Foodpics? So 2012. Outfitfotos? Lass mal lieber. Urlaub am Strand mit dem Liebsten? Kann die mal aufhören, anzugeben? Wir verwandeln uns, wie schon Fredi Ferkova auf Vice sehr richtig beschreibt, „in Mini-Medien, die nicht mehr einfach nur Dinge aus ihrem Privatleben posten wollen“.

Betrunkene Meldungen, Kussfotos, öffentliche Liebesbekundungen – das haben wir uns abtrainiert

Lässt man die Profilfotos außen vor, haben heute die wenigsten privaten Profile Wiedererkennungswert. Man erfährt im besten Fall dank der automatisierten Anzeige, wo die Person am Wochenende feiern geht. Alles andere – betrunkene Meldungen, Kussfotos, öffentliche Liebesbekundungen – haben wir uns abtrainiert.

Abtrainieren lassen: Von denen, die es scheinbar besser wussten. Von den intellektuellen Sitznachbarn im Politik-LK, die sich über den Web 2.0 Narzissmus lustig machten. Gefühle, das weiß mittlerweile jeder, gehören nicht auf Facebook.

Facebook ist zur aalglatten Werbeplattform geworden, die verzweifelt versucht, zur Abwechslung auch mal wieder Palmenfotos in den ansonsten nachrichtendominierten Feed zu integrieren. Laut den neuesten Zahlen haben Facebook-Nutzer 2015 sogar 15 Prozent weniger Fotos, Status-Meldungen und Notizen geteilt als im Jahr zuvor. Genau aus diesem Grund hatte Facebook nicht zuletzt das „vor rund einem Jahr“-Feature eingeführt, das an redseligere Zeiten erinnert.

Es scheint alles gesagt zu sein auf Facebook. „Nach jedem Urlaub ein dreistelliges Foto-Album? Fühlt sich stark nach Nullerjahren an“, schreibt Nils Jacobsen auf Meedia. Die privaten Inhalte sind nicht verschwunden, sondern verlagert worden. Sie werden auf Instagram oder WhatsApp geteilt (kein Wunder, dass Facebook beide Firmen aufgekauft hat).

Welche Rolle bleibt für Facebook? Entwickelt sich die Seite weiter in Richtung eines digitalen Kiosks inklusive Xing und LinkedIn? In Richtung Workbook?

Lasst uns aus den vermeintlichen Fehlern der digitalen Pubertät lernen, ohne uns maßregeln zu lassen

Was aus Facebook wird, liegt auch in unseren Händen.

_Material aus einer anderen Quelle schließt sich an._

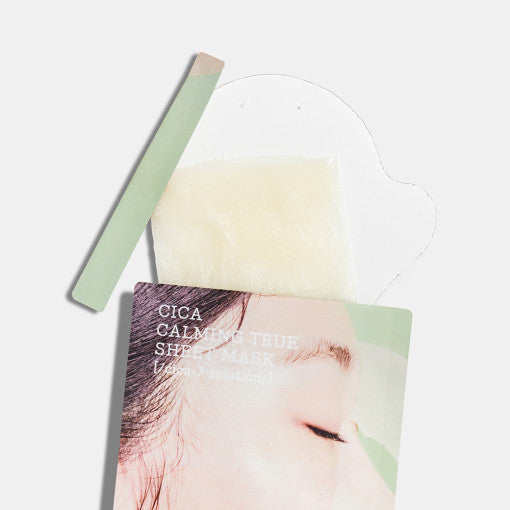 COSRX Pure Cica Cica Calming True Sheet Mask open package showing partial mask and packaging design.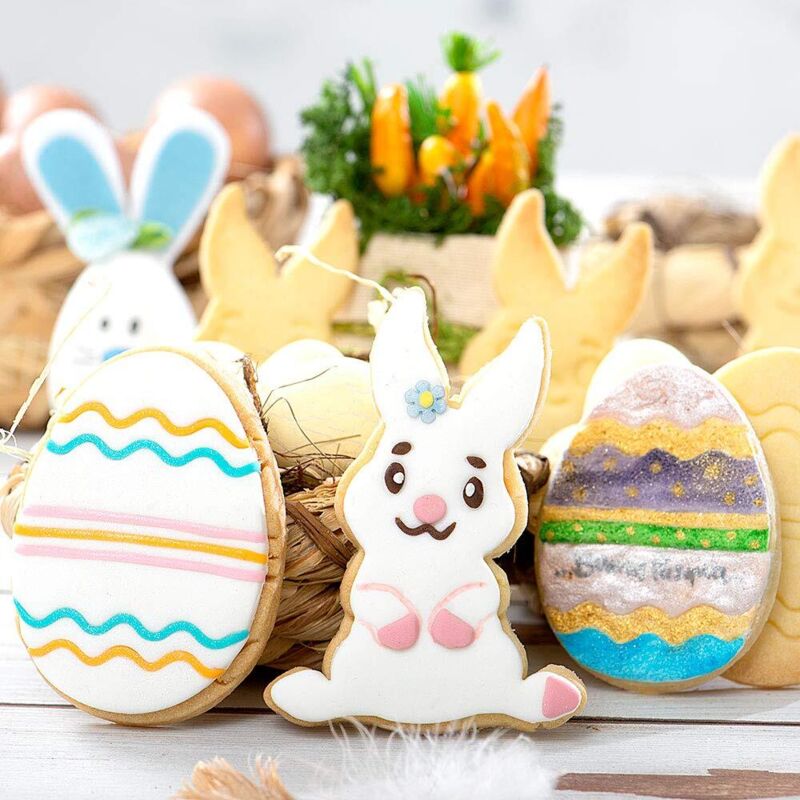 Set 2 Tagliapasta Pasqua Decora - Coniglio E Uovo Decorato In Plastica Alimentare | Per Biscotti E Pasta Di Zucchero - Foto 12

Die meisten von uns klicken häufig auf das weiß-blaue Rechteck, um „nur mal kurz zu gucken“. Und finden: wenig Menschliches. Dabei gab es eine Zeit, in der wir uns zerbrechlicher, echter, angreifbarer gezeigt haben. Eine Zeit, in der das eigene Online-Leben nicht nach PR aussah.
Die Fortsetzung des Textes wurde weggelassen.